Another long Fourth of July weekend has come and gone, and many in the tourism industry here are left feeling that the sun-drenched holiday missed yet another opportunity to capitalize on as many as 100,000 who passed through town, for the most part briefly, on their way to the state park, the casino or Canada.

At the Niagara Tourism and Convention Corp. facility in the former Artisan's Alley at the corner of Rainbow Boulevard and First Street, sales of sightseeing tours were halted by the city after it was discovered that none of the salespeople had the required licenses.

On Main Street between Chilton and Cedar, the "Positively Main Street Art/Music/Food Festival" drew a smattering of curiosity-seekers, mostly from the surrounding neighborhood. The wide thoroughfare seemed ill-suited for a street fair, there was little respite from the blazing sun, and more than a few hungry attendees searched in vain around dinnertime for a sausage-and-peppers sandwich, long a mainstay of the Niagara Falls street-fair scene.

At the same time, a throng of confused tourists could be found on the city's East Mall attempting to gain entrance to the closed Smokin' Joe's Family Fun Center in the former Wintergarden, the shuttered and unfortunately named Conference Center Niagara Falls, or anywhere else they might be able to get out of the sun for a moment and have a cold glass of lemonade.
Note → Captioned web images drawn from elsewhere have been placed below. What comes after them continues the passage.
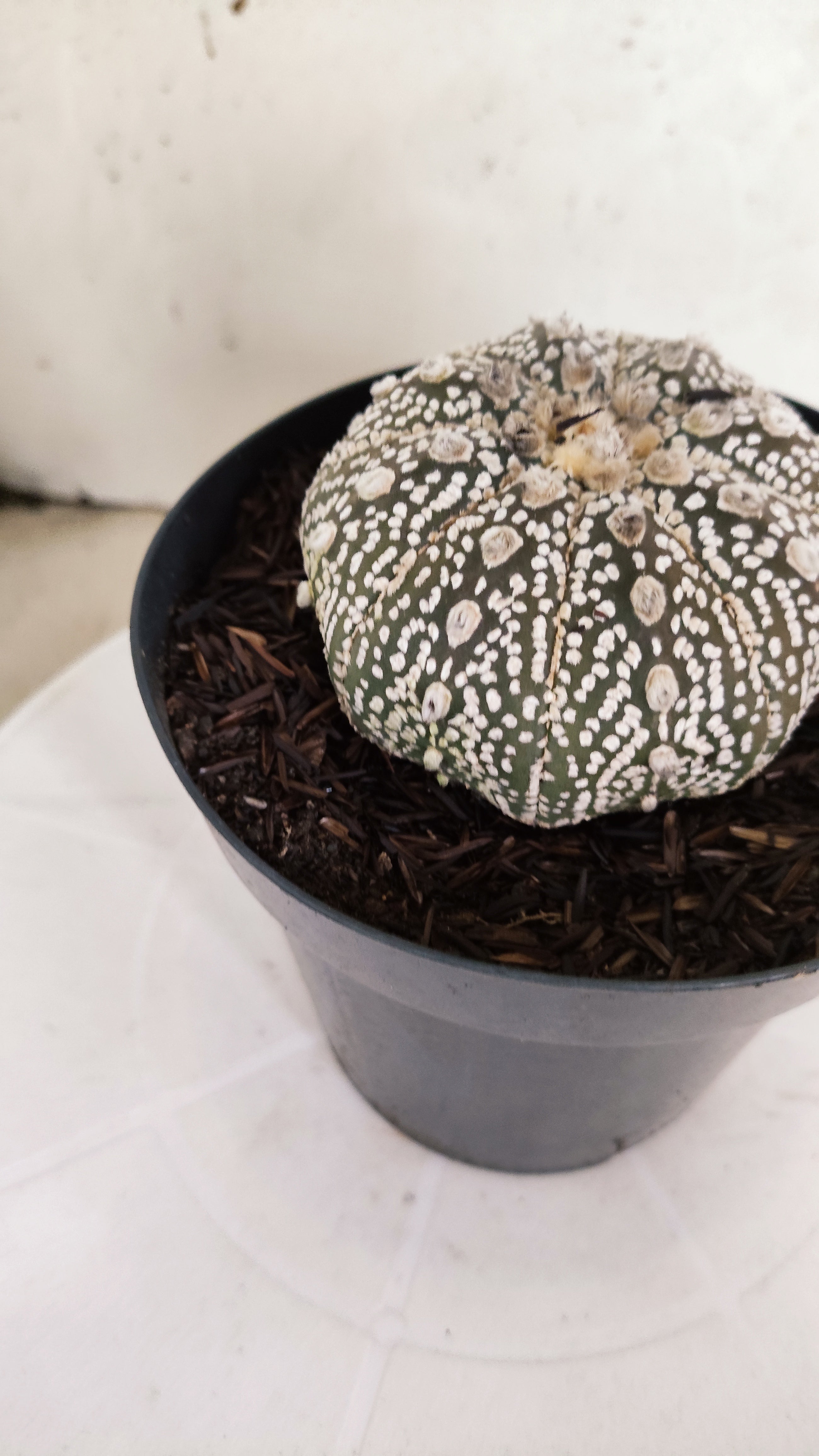 ASTROPHYTUM ASTERIAS "STAR SHAPE - SUPER KABUTO - Purple"   Nº 1151 – vaso 15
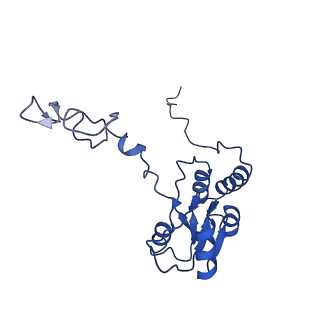 0978_6lu8_Z_v1-0
Cryo-EM structure of a human pre-60S ribosomal subunit - state A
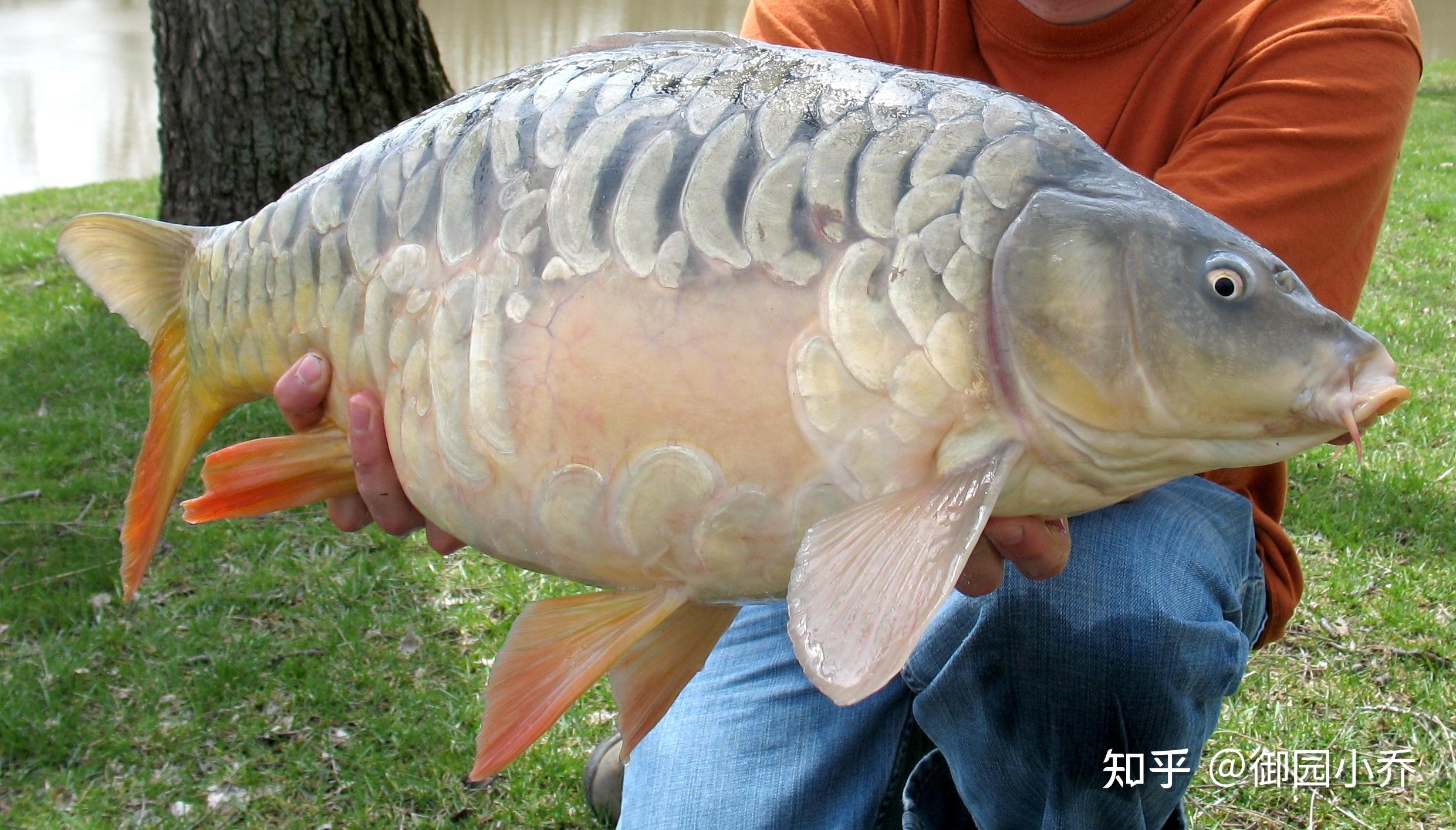这是啥鱼啊 没鳞片 黏糊糊的?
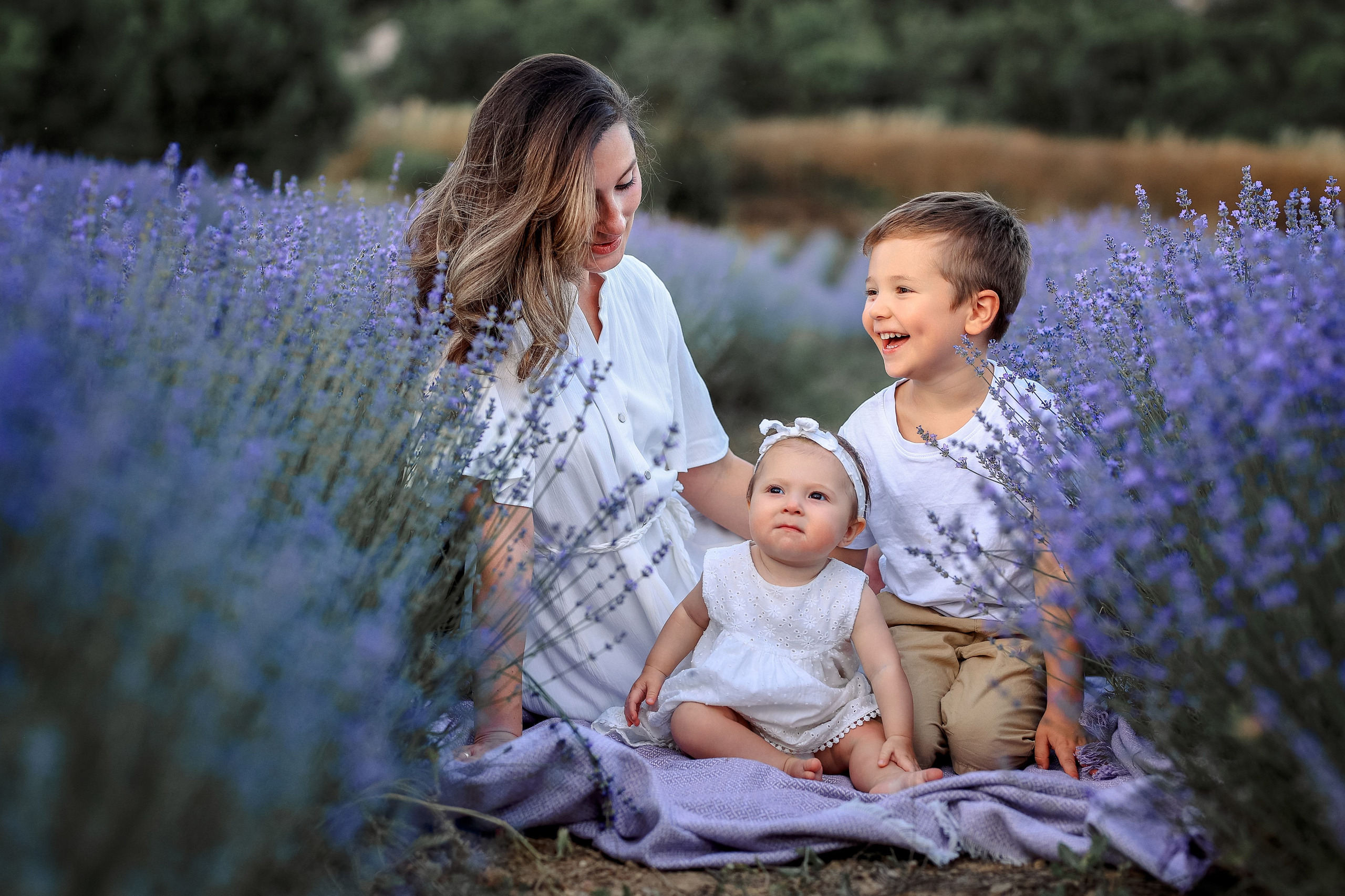 Lavender in Antalya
"What the state is doing in downtown Niagara Falls is an utter disgrace," state Sen. George Maziarz said. "They get a million dollars a year out of the city's casino revenue, and on the biggest weekend of the tourist season there is absolutely nothing for tourists to do downtown."

On Third Street, where the state and the city have spent millions attempting to build an "entertainment district" similar to the Elmwood Strip in Buffalo, the weekend passed much like any other. Downtown regulars discussed how much livelier the block used to be, before the state had taken an interest in it. It was a strange paradox, they all agreed.

One of the few downtown locations where any action could be found was One Niagara, the former Aqua Falls building just off the Rainbow Bridge at the state park entrance. The place was mobbed and the parking lot was full. Vendors did a brisk business in everything from Niagara Falls T-shirts to Chinese food. You could hardly turn around.

The vibe at One Niagara is reminiscent of Seattle's Pike Place Market, where locals and visitors can mingle, lunch or just relax amid a bustling carnival-like atmosphere that's fun and entertaining just for itself.

Owner Frank Parlato, who frequently advertises in this newspaper, says that between his parking lot, the food court and the souvenir stands, he's got more than 200 people working at the building full time. He has been a frequent and sometimes bitter critic of the way both the city and the state have seemingly gone out of their way to ensure failure for seasonal businesses downtown.

"The state ripped the heart out of the tourist district, both with the state park and by giving the casino concession to the Senecas," Parlato said. "The casino and the park are like black holes that suck the tourist and his money in, while the city and private business get left with the crumbs." Parlato's ongoing war with City Hall, therefore, is even more frustrating.

"The city wants to tell me where I can park cars on my own property," he said. "Meanwhile, they run a filthy and dangerous parking ramp across the street, which ought to be condemned, and have more patronage employees working there than I've got at my lot, which has been full since Memorial Day."

Some city officials share Parlato's frustration. Vince Catanzaro, a member of the city's Tourism Advisory Board who has been in business downtown since 1949, is one.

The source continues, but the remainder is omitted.